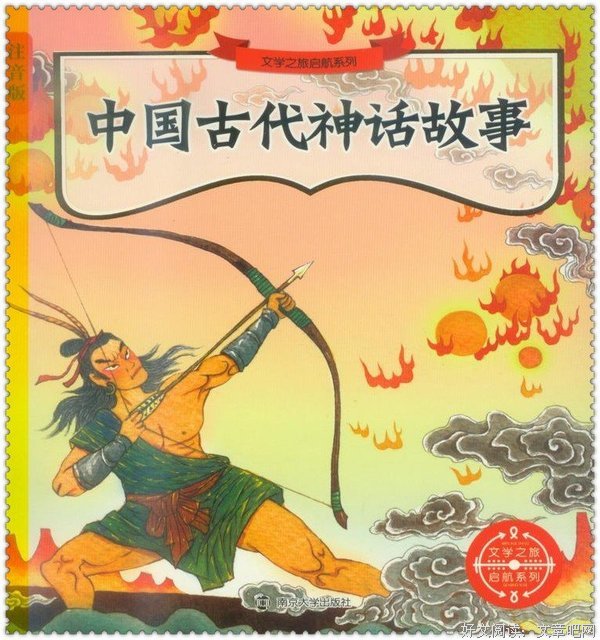 《中国古代神话故事：有声注音版》读后感摘抄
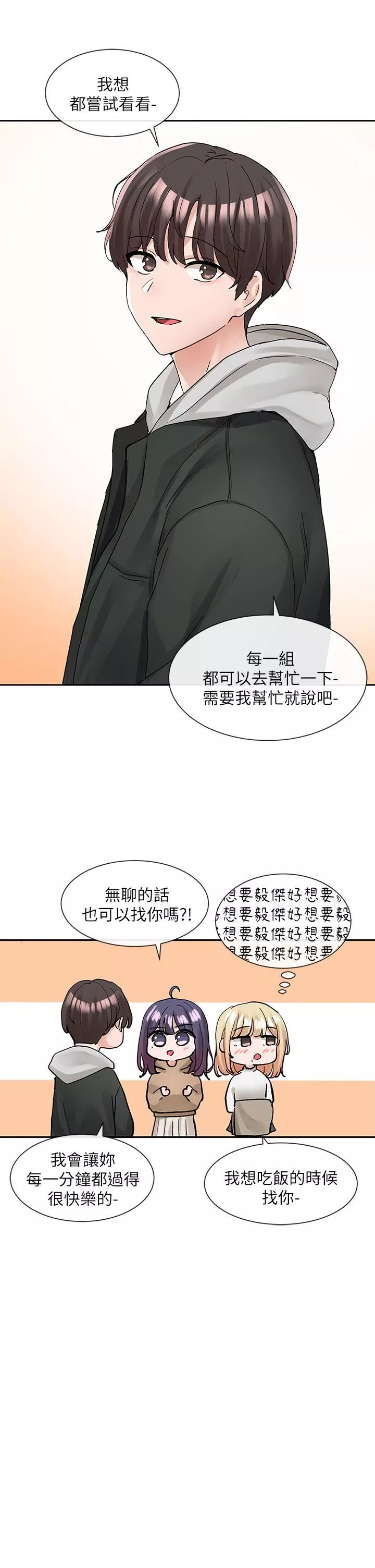 社团学姊-第110话-等我洗好，再给我个抱抱 - 图片 41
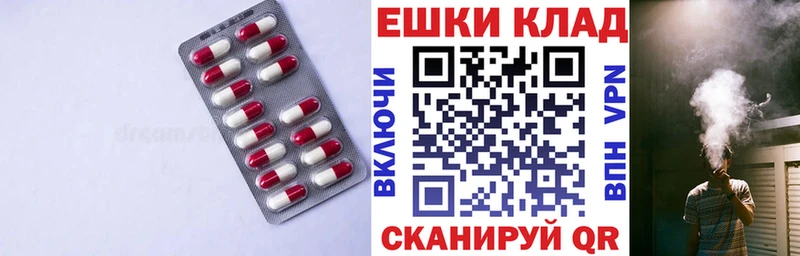 Ecstasy Дубай  Воткинск 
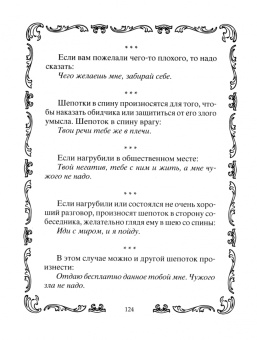 Книга-оберег. Всё для защиты вашего здоровья и благополучия. Гарантия любви, добра и достатка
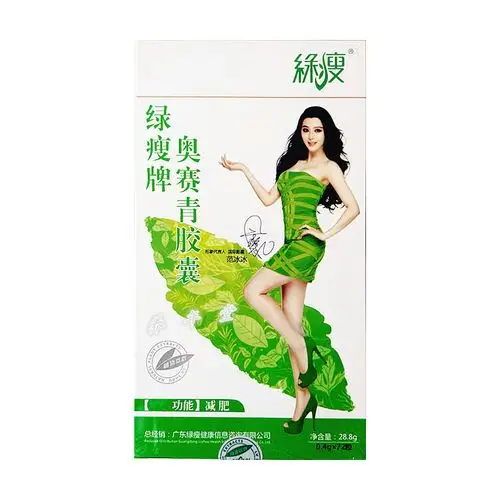 绿瘦牌奥赛青胶囊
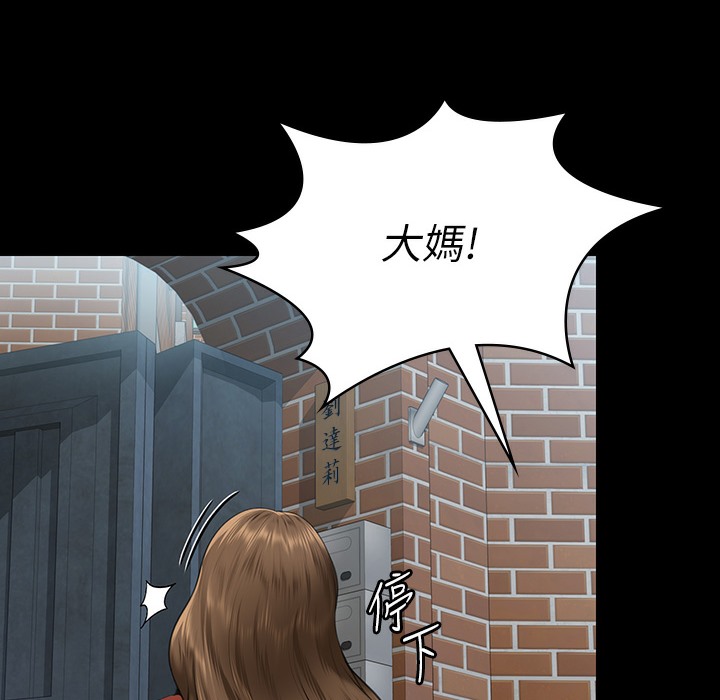 第340话-要不要来玩3P? - 第46.jpg页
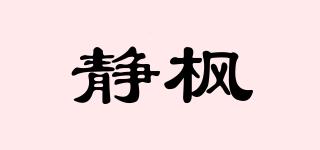 静枫品牌logo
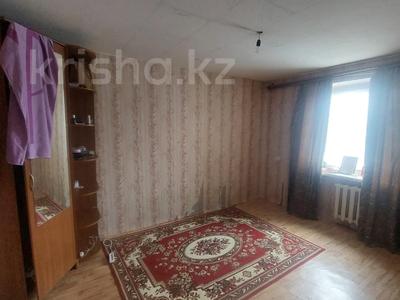 1-комнатная квартира · 29.3 м² · 3/9 этаж, Есенжанова за 7.5 млн ₸ в Уральске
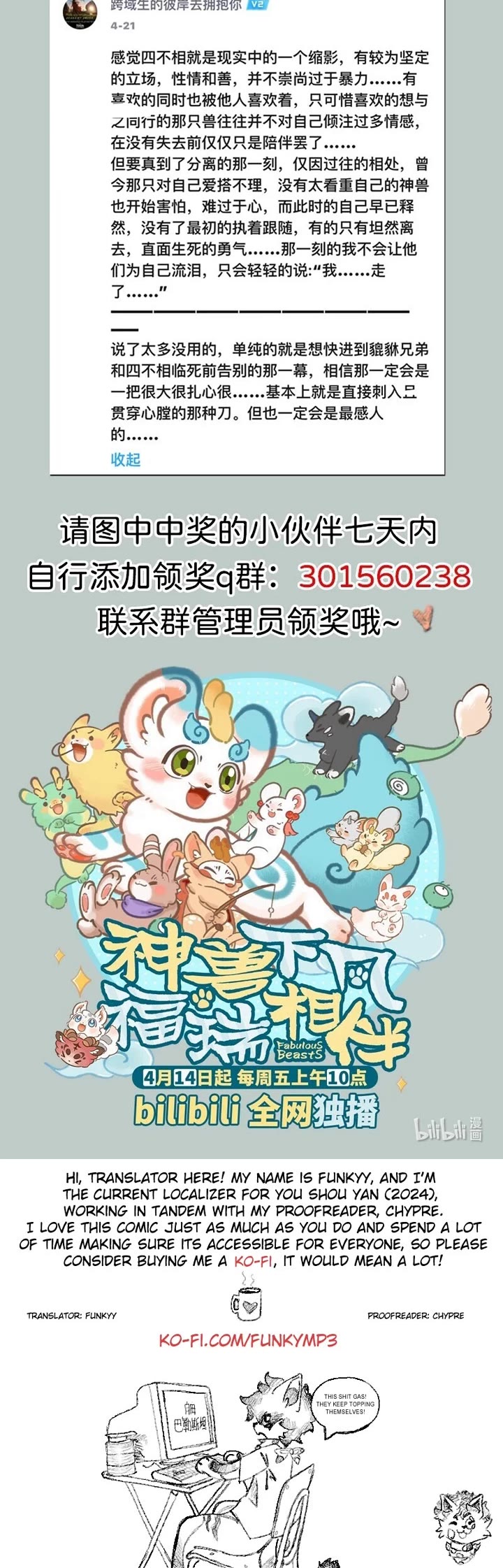 You Shou Yan chapter 748 page 4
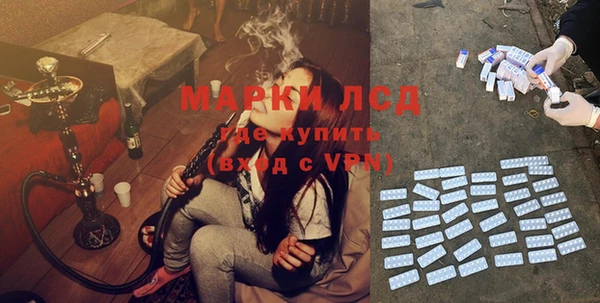 метамфетамин Абинск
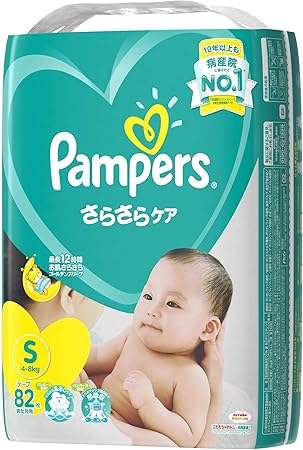 Amazon パンパース オムツ テープ さらさらケア S 4 8kg 枚 パンパース おむつ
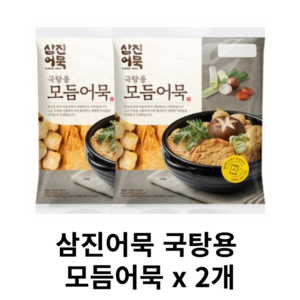 [삼진어묵] 국탕용 모듬어묵 x 4개, 2개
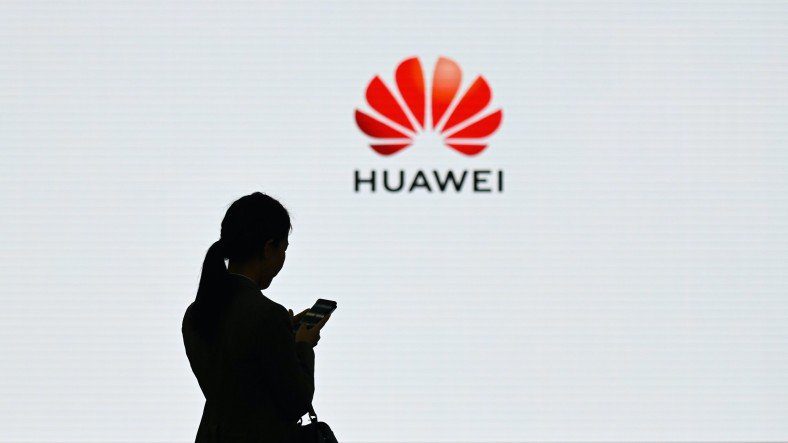 Huawei запускает процесс бета-тестирования мобильных сервисов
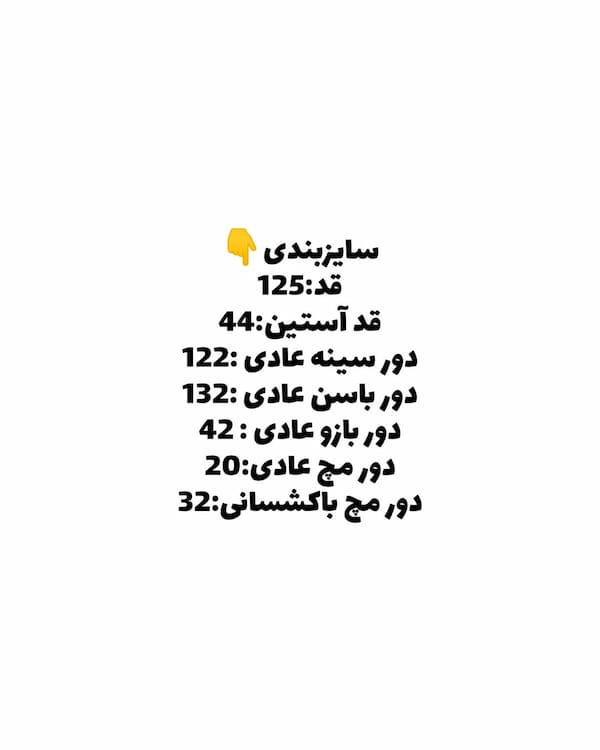 عکس-مانتو زنانه بابوس مشکی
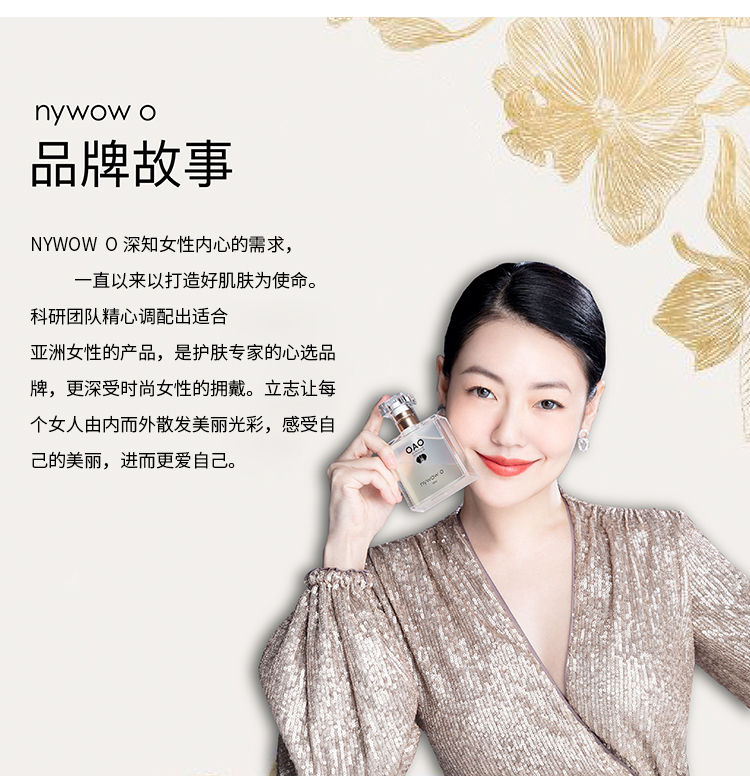 台湾奥达士nywowo奥达士兰花油女娲精华原液奥达士兰花油青春油保湿70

## TRY IT
Retype every entry exactly as written, but omit the pictures.

## OUTPUT FOR THIS TASK
 《中国古代神话故事：有声注音版》读后感摘抄
 社团学姊-第110话-等我洗好，再给我个抱抱 - 图片 41
 Ecstasy Дубай  Воткинск 
 Книга-оберег. Всё для защиты вашего здоровья и благополучия. Гарантия любви, добра и достатка
 绿瘦牌奥赛青胶囊
 第340话-要不要来玩3P? - 第46.jpg页
 静枫品牌logo
 1-комнатная квартира · 29.3 м² · 3/9 этаж, Есенжанова за 7.5 млн ₸ в Уральске
 You Shou Yan chapter 748 page 4
 метамфетамин Абинск
 Amazon パンパース オムツ テープ さらさらケア S 4 8kg 枚 パンパース おむつ
 [삼진어묵] 국탕용 모듬어묵 x 4개, 2개
 Huawei запускает процесс бета-тестирования мобильных сервисов
 عکس-مانتو زنانه بابوس مشکی
 台湾奥达士nywowo奥达士兰花油女娲精华原液奥达士兰花油青春油保湿70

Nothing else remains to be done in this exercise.